Records for the task
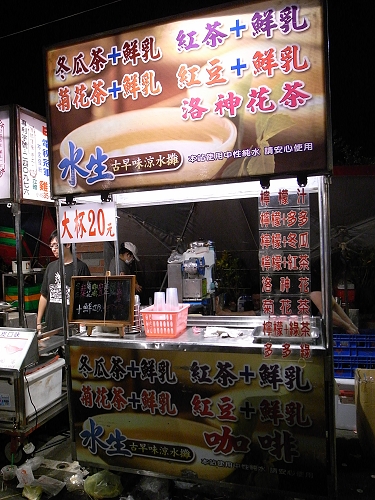 R0022277a.jpg R0022277a.jpg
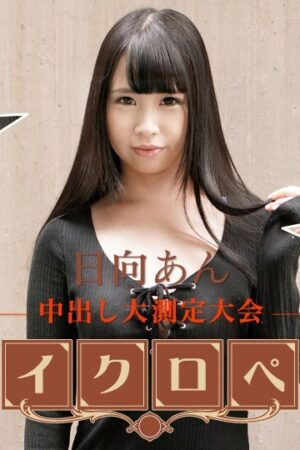 Yasu Hinata 101723-001: Cuồng nộ dồn dập, bền bỉ đến tận cùng!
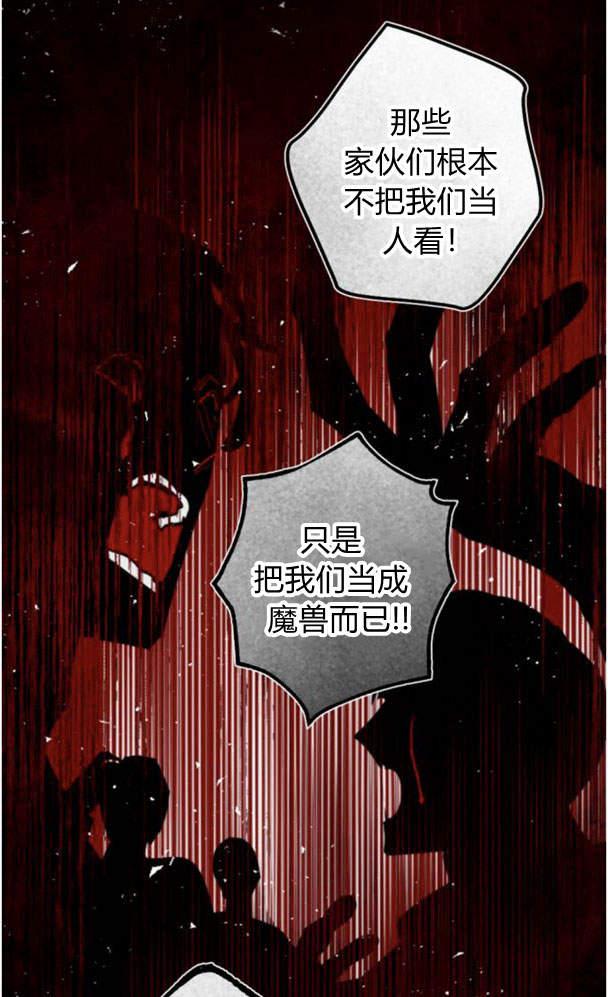 魔王的告白 - 第45话 - 第82张图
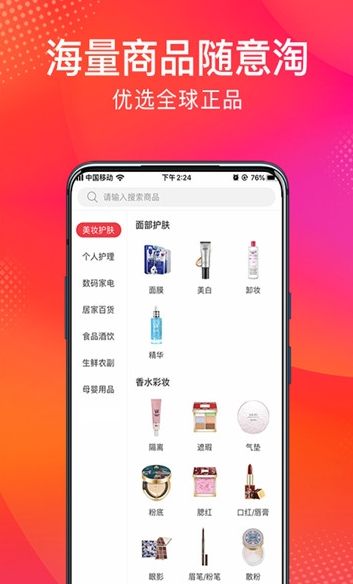众友商城2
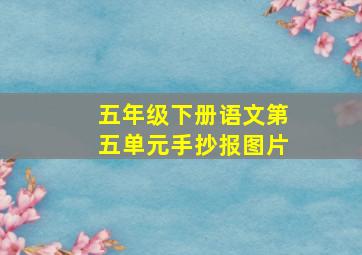 五年级下册语文第五单元手抄报图片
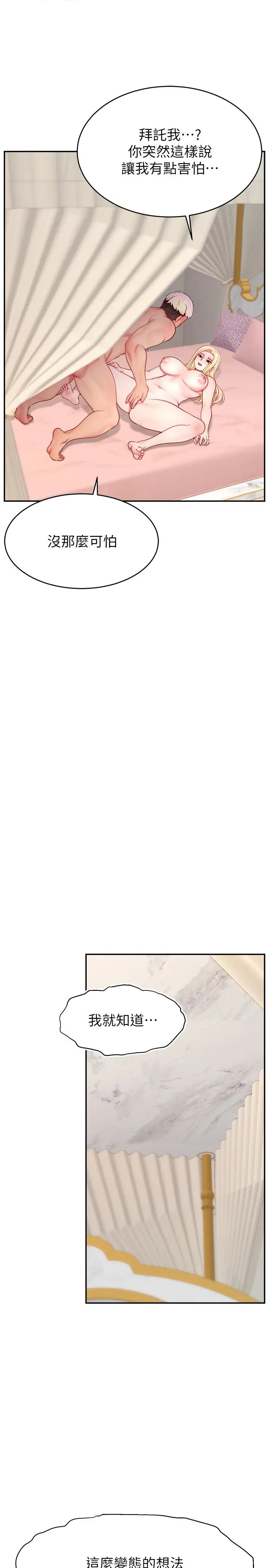 直播主的流量密码第39話-女友專屬的全身服務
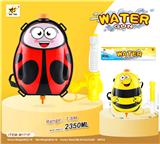 OBL10063791 - Water gun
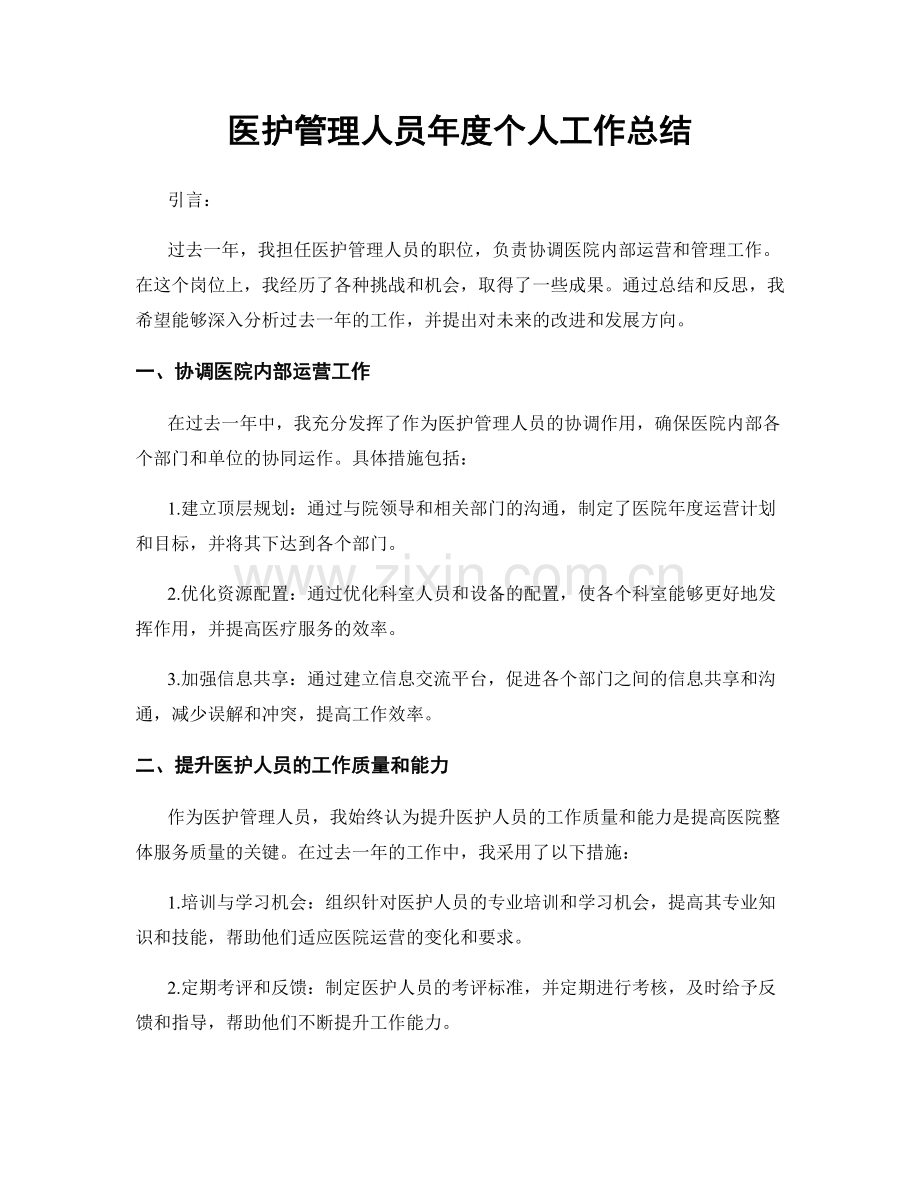 医护管理人员年度个人工作总结.docx_第1页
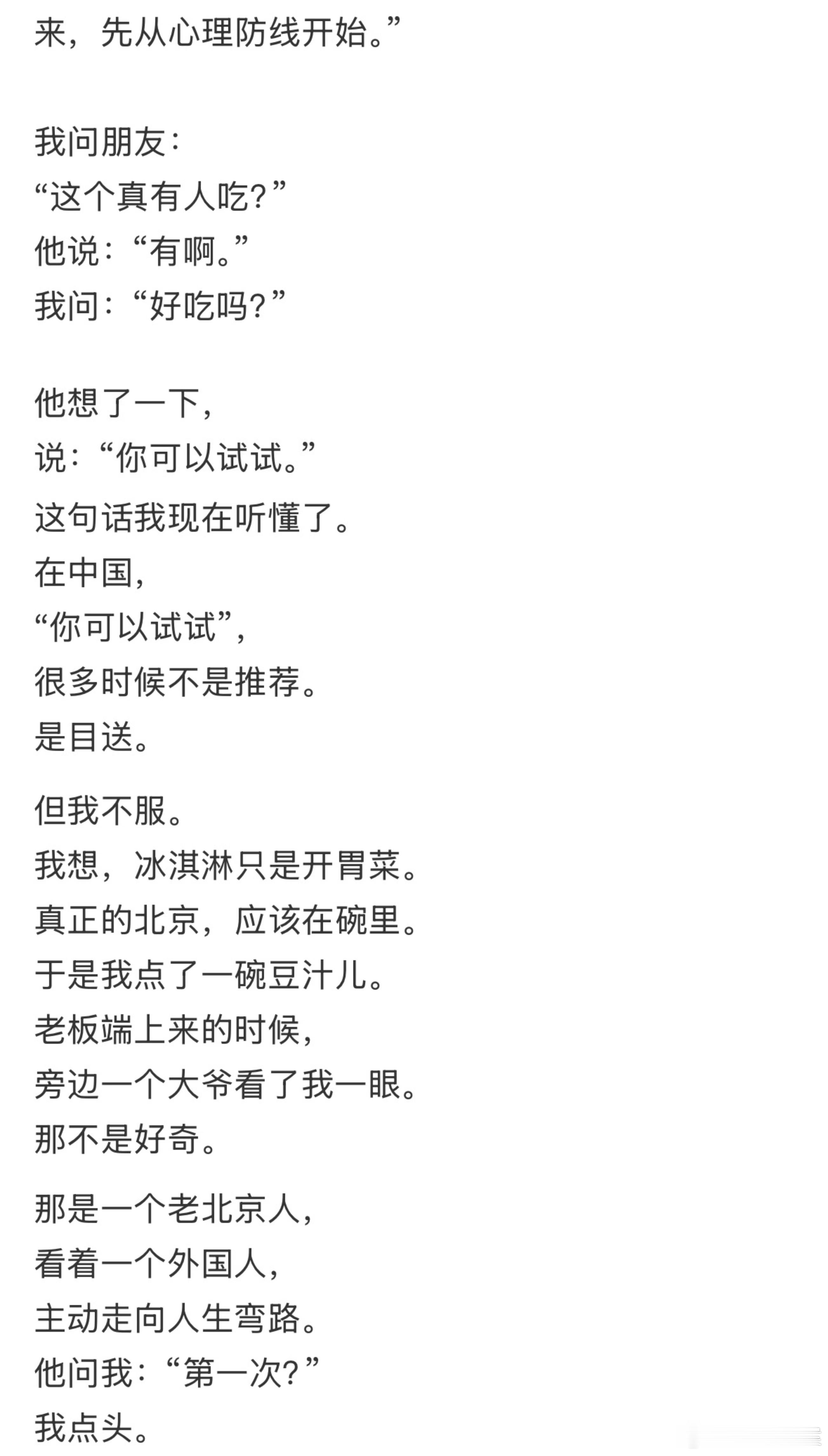 卧槽这太搞笑了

Work to be completed
Set down a word-for-word copy of the records, dropping any picture.

Answer section
 R0022277a.jpg R0022277a.jpg
 Yasu Hinata 101723-001: Cuồng nộ dồn dập, bền bỉ đến tận cùng!
 魔王的告白 - 第45话 - 第82张图
众友商城2
 五年级下册语文第五单元手抄报图片
 直播主的流量密码第39話-女友專屬的全身服務
 OBL10063791 - Water gun
 医护管理人员年度个人工作总结.docx_第1页
 卧槽这太搞笑了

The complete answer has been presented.